#### Dataset section
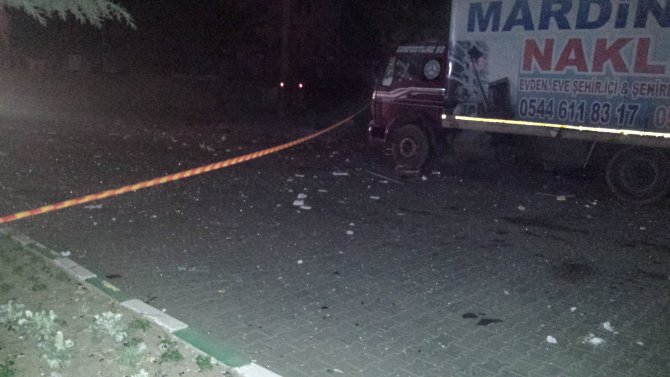 GÜNCELLEME - Kızıltepe'de terör saldırısı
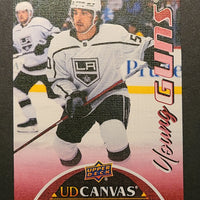 2021-22 Upper Deck Extended Young Guns Canvas Including Black (List)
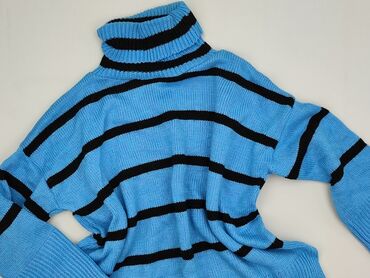 sweter w paski h: Sweter damski, rozmiar 5XL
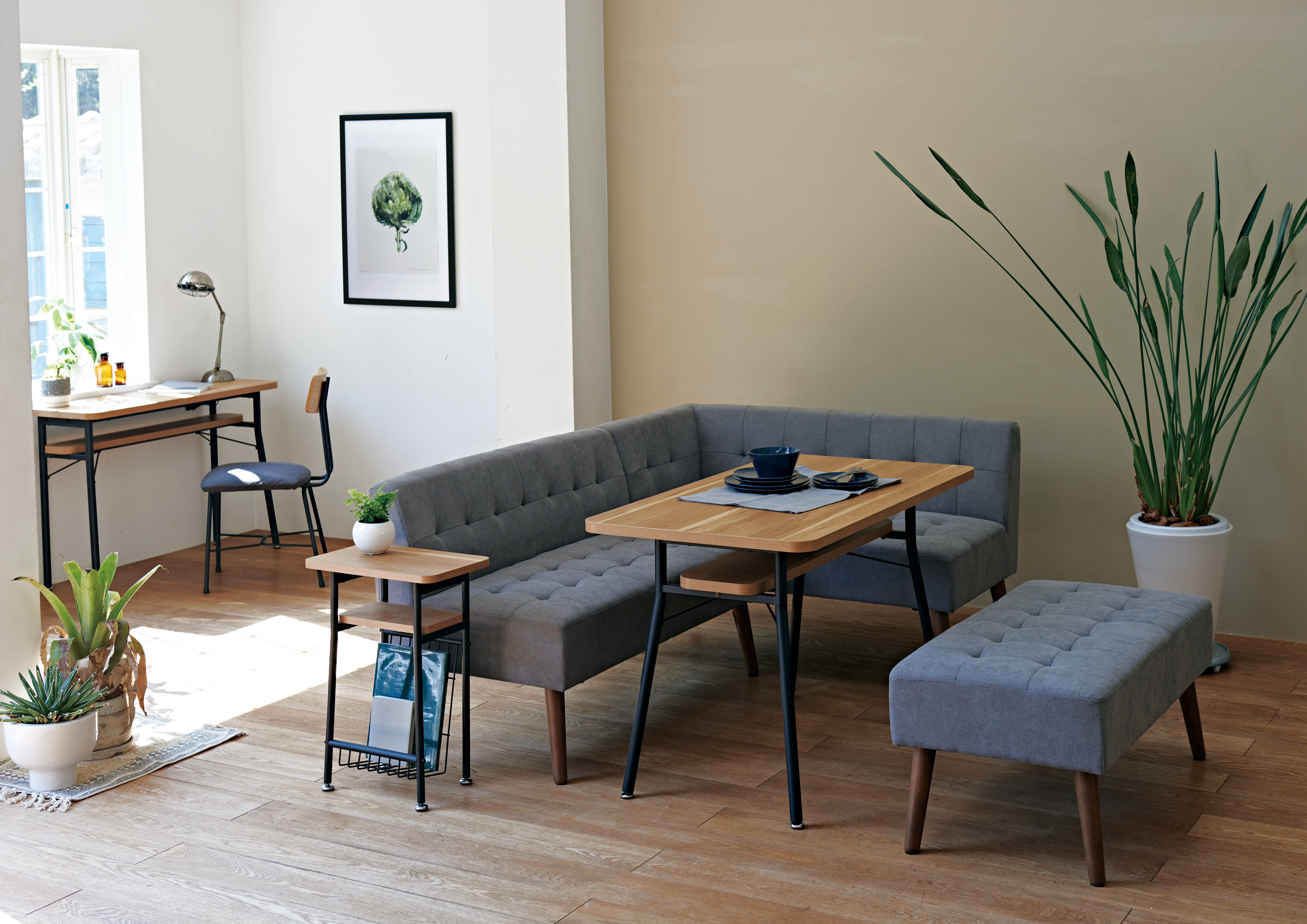 MILD dining table110 ミルド ダイニングテーブル110サイズ / IKUS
########
From the first line to the last, return the material above exactly, apart from the pictures.

 GÜNCELLEME - Kızıltepe'de terör saldırısı
 2021-22 Upper Deck Extended Young Guns Canvas Including Black (List)
 sweter w paski h: Sweter damski, rozmiar 5XL
 MILD dining table110 ミルド ダイニングテーブル110サイズ / IKUS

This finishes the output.